I don’t think it would have explained anything—it’s just a word. But it would have been good to know that other people had these experiences, or something like them. That would’ve been good. I didn’t discover that for a long term.
There’s a danger sometimes in books like this of the older, writing self congratulating her younger self for her curiosity or insight. But that isn’t the case here. On the contrary, you’re often quite unforgiving of your younger self.
There were various narratives I didn’t want to fall into. The narrative I was more concerned with [avoiding] was, “I started broken and then put myself together.” A coming-of-age kind of thing, where you perhaps exaggerate the failings of the younger self in order to produce the satisfying narrative of maturity.
It’s interesting, given that, how the book ends. It ends, on my reading at least, in a kind of perplexity, an acknowledgment that there are things that elude our attempts to catch them in the net of our concepts or words.
Well, not exactly perplexity. What does develop is a willingness to say, “Yes, that could have been something—something other than myself.” And that’s not where I started. At the end, I speculate kind of wildly, with the help of a smattering of Christian mysticism and mid-20th century science fiction, on what such a being might be.
The last quarter of the book is about your youthful metaphysical speculations coming into contact with history and politics isn’t it? Had politics impinged on your consciousness earlier, that is before the convulsions of the mid-to-late Sixties in the US?
Not really. I criticise myself [in the book] for that. The Civil Rights movement was starting, all these amazing things were happening and I was just going along with my own concerns.
But it wasn’t just you. There was something generational about your apathy wasn’t there? What you’re describing in the book is the transition from the Eisenhower era to the beginning of the Sixties proper, which you locate, slightly later than Philip Larkin, around 1965.
Of course it was a generational thing. I’ve written about this in my book Fear of Falling.
You say it was the Vietnam War that changed everything for you. How?

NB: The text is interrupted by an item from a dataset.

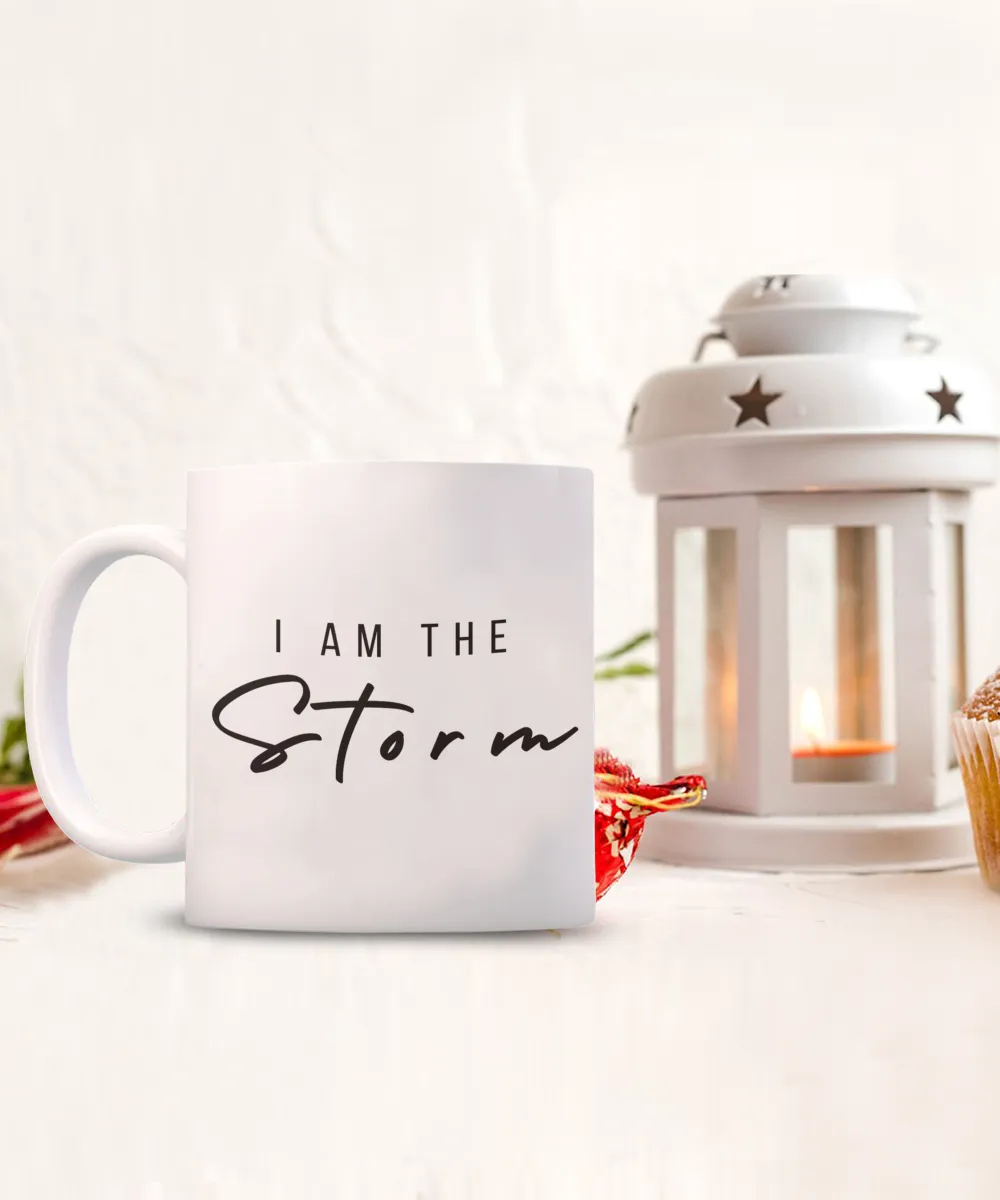 I Am the Storm Mug, I Am the Storm, Withstand the Storm, I Am the Storm Quote, Self Love Mug, Coffee Cup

There was this slight personal connection: a fellow graduate student and friend told me he was afraid of being drafted. I’d never looked at him before as anything other than the person who would very sweetly help me with equipment in the lab. The idea of him having another life on another continent and a completely undeserved death was an epiphany. And once you become properly aware of other people’s suffering, it can take over your life. You begin to see it everywhere. And it never leaves you. This was something I wrote about in Nickel and Dimed: whenever and wherever you’re consuming, there’s somebody’s pain involved.
There’s a danger, though, of dismissing metaphysical problems of the sort you were preoccupied with as an adolescent as not really real, or else as distractions from the political struggle. Do you think you ever succumbed to that kind of thinking?
Oh yes! There was a point when [I thought] these petit bourgeois preoccupations had to be put aside in favour of the grand, collective struggle of humankind. And that’s not resolved in my life today. Except insofar as I increasingly encounter people, like myself, who have a very strong sense of human solidarity and also are interested in metaphysical issues. Thanks to writing this book, I know some of them now!
What has the reception of the book been like in the US?
To my relief, no one has called me insane! I was so nervous about talking about any of this stuff. When I first went to my agent with the idea, I was totally tongue-tied. When I first told my son what I was working on—he’s a writer—we were in a Chinese restaurant in LA. I said, “I’ve got to tell you something.” He looked worried. I said, “It’s about something that happened to me when I was 17.” Then he looked truly alarmed! I went on: “I had a mystical experience.” He just sighed, and said, “Oh, really?”
Having written the book, does it feel as though something that had been left unresolved in your life has now been resolved?
I feel like I’ve checked off a very important task.